In Machinga district in southern Malawi, the floods arrived suddenly, sweeping through the low-lying fields where her family had grown maize for generations.
By the time the waters drained away, they had taken everything she owned. What remained was a cruel choice: stay and starve, or leave and risk whatever lay beyond the border.
Magrate is one of millions caught in Malawi’s climate–migration trap. In this trap, climate shocks do not propel the poor toward opportunity or safer ground.
They immobilise them. They bury families in deeper poverty, making the very act of migration, often their only lifeline, an impossible expense.
Malawi’s poorest households are too poor to adapt, too poor to migrate, yet exposed to climate impacts that make remaining in place increasingly unviable.
The result is a national paradox. Climate disasters uproot hundreds of thousands every year, but those who suffer most are the least able to move.
Instead, they drift between temporary displacements and slow suffocation: crowding into urban slums, seeking unsafe informal work, or making desperate, irregular border crossings into Mozambique, Tanzania, or Zambia.

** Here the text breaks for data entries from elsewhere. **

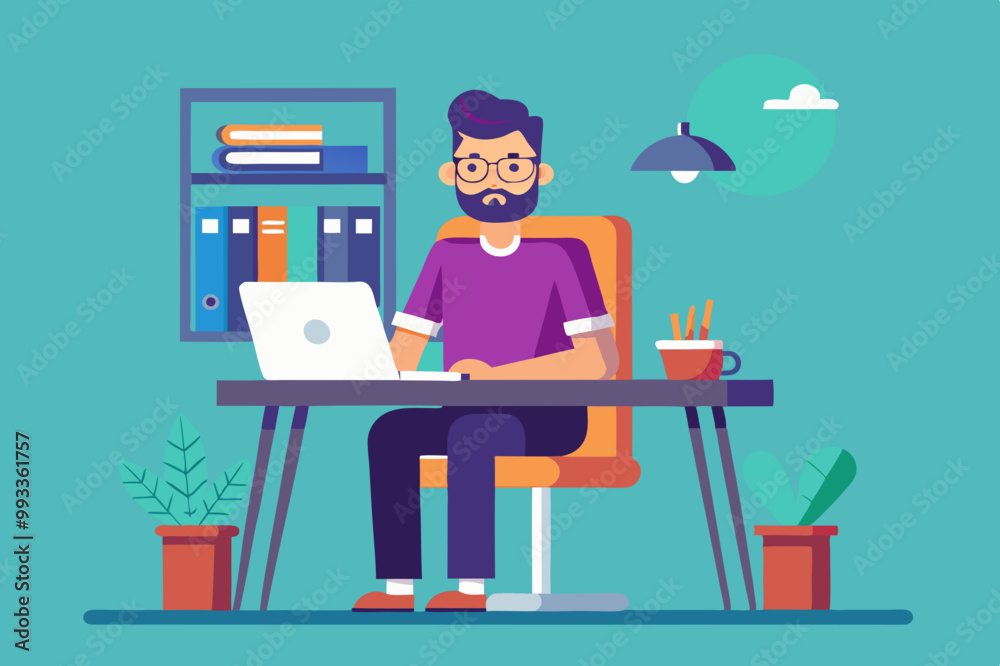 A man is working in office A man is working in office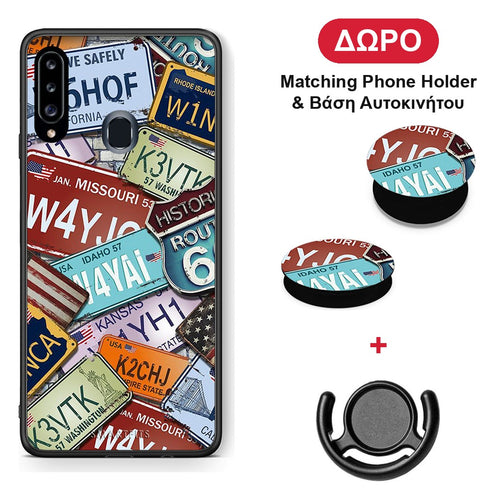 Car Plates - Samsung Galaxy A20s θήκη + Δώρο Phone Holder & Βάση Αυτοκινήτου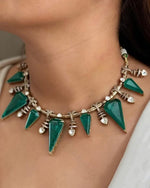 Emerald Green Statement Necklace Set – Geometric Gemstone Choker & Earrings for Women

What looks like mobility is in reality a cycle of immobility and entrapment. The scale of vulnerability is staggering.
According to government and UN assessments, an estimated 5.7 million Malawians, nearly a third of the population, faced acute food insecurity during the 2024–2025 lean season.
In the southern districts repeatedly struck by flood, drought and cyclone damage, displacement has become a regular, almost seasonal occurrence.
Yet Malawi’s version of climate mobility does not mirror the well-documented patterns in wealthier nations. There, climate-driven migration often triggers structured resettlement efforts, insurance payouts, or state-coordinated relocation. In Malawi, displacement is met not with support but with further precarity.
The crisis at Lake Malawi captures how climate vulnerability intersects with political decisions and infrastructure built for a different era. The lake, the third-largest freshwater body in Africa, has long been the anchor of lakeshore livelihoods.
But in 2024 it became an antagonist.
Water levels surged to their highest in decades, fuelled by intense rainfall linked to El Niño and heavy flows from Tanzania’s northern catchment. Homes, lodges and fishing beaches disappeared underwater.
But rain alone was not responsible. In 2019, the government raised the Kamuzu Barrage, the sole regulator of the lake’s outflow into the Shire River. The intention was logical: maintaining higher water levels stabilised hydropower generation, the source of 70% of Malawi’s electricity, and supported irrigation schemes downstream.
Climate change, however, had altered the equation. When the 2024 rains arrived, the raised barrage acted like a choke. Fully opening it risked catastrophic flooding downstream. Keeping it partially closed left lakeshore communities inundated for months.
Those communities revolted. Displaced families demanded compensation and relocation, accusing authorities of protecting power generation and commercial irrigation at their expense. Downstream farmers argued the barrage should remain tightly controlled to safeguard their fields.
Engineers estimated the barrage could safely discharge far more water than it did, but operators insisted they were balancing competing national interests. For the thousands who watched their homes drown, these explanations offered little comfort.
The dilemma at the barrage reveals a deeper truth: climate adaptation decisions in Malawi often carry hidden winners and losers, with the poorest bearing the heaviest costs.
That same dynamic is playing out across the country, where a devastating drought in 2023–2024 slashed maize yields by nearly half in the south.
Nationally, production fell 29% below the five-year average. What this meant on the ground was grimly simple. Families who thought they had good crops saw them fail in the final weeks.
Parents like smallholder farmer Tereza Langton feared they could no longer afford school fees. Communities that had weathered droughts before now had nothing left to sell, nothing left to pawn, nothing left to eat, and no resources to migrate.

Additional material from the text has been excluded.